Paradigma antropo-fenomenologis mempunyai konsekuensi etis yang luas terhadap praktik politik-ekonomi-kebudayaan kita sebagai warga negara. Konsekuensi etis dari paradigma tersebut menyangkut relasi antarwarga negara, yakni relasi korelatif. Tentunya, yang dimaksudkan dengan warga negara adalah semua orang yang secara secara hukum dijamin hak dan kewajibannya di Indonesia. Ini berarti baik pemerintah, politikus, maupun warga negara biasa, sama-sama menerima konsekuensi etis dari paradigma antropo-fenomenologis itu.
Dalam bingkai tata politik pemerintahan, relasi yang terjalin antara pemerintah dan rakyat (petani, pedagang, politikus, guru, dosen, pelajar, mahasiswa, dsb.) adalah relasi korelatif.
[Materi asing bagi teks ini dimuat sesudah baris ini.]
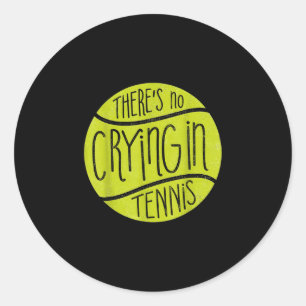 Tennisspelare som gråter tennisboll rolig sportpre runt klistermärke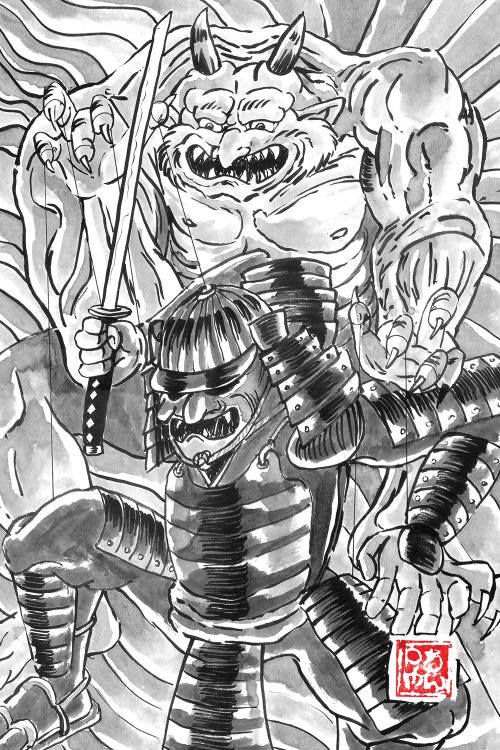 Oni Samurai by Péchane wall art
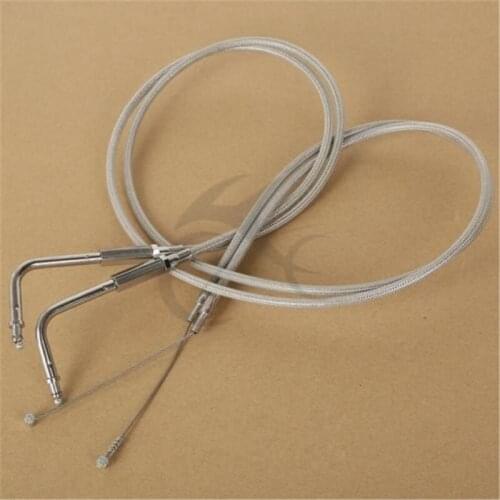 Motorcycle 43-1/2" Throttle Cable Stainless steel For Harley Road King FLH/T/ST 1996-2010 2009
Hubungan antara pemerintah dan rakyat adalah hubungan timbal-balik. Dalam bingkai relasi yang demikian, eksistensi pemerintah dapat kita pahami hanya jika apabila ia berada dalam korelasi dengan rakyat. Kita memahami eksistensi rakyat hanya jika rakyat berada dalam korelasi dengan pemerintah. Dengan kata lain, rakyat adalah korelat dari pemerintah dan pemerintah adalah korelat dari rakyat.
Dalam bingkai relasi korelatif yang demikian, seluruh gugusan praktik ekonomi-politik-kebudayaan berlangsung dalam suatu co-existence (berada bersama). Seluruh gugusan praktik ekonomi-politik-kebudayaan merupakan cara berada bersama. Praktik ekonomi-politik-kebudayaan merupakan momen penyingkapan keberadaan pemerintah dan rakyat. Dengan demikian, setiap warga negara (pemerintah dan rakyat) mempunyai ruang dan kesempatan yang sama untuk terlibat dalam kehidupan bersama: bertanggung jawab atas mati-hidupnya negara, bertanggung jawab atas sejahtera atau tidaknya warga negara, berempati terhadap orang-orang lain yang mempunyai status yang sama sebagai warga negara, bertanggung jawab terhadap baik-buruknya relasi dengan negara-negara lain. Dalam praktik ekonomi-politik-kebudayaan yang demikianlah, setiap warga negara menemukan dan menghayati “kekitaan” yang sangat ditonjolkan oleh Jokowi-JK.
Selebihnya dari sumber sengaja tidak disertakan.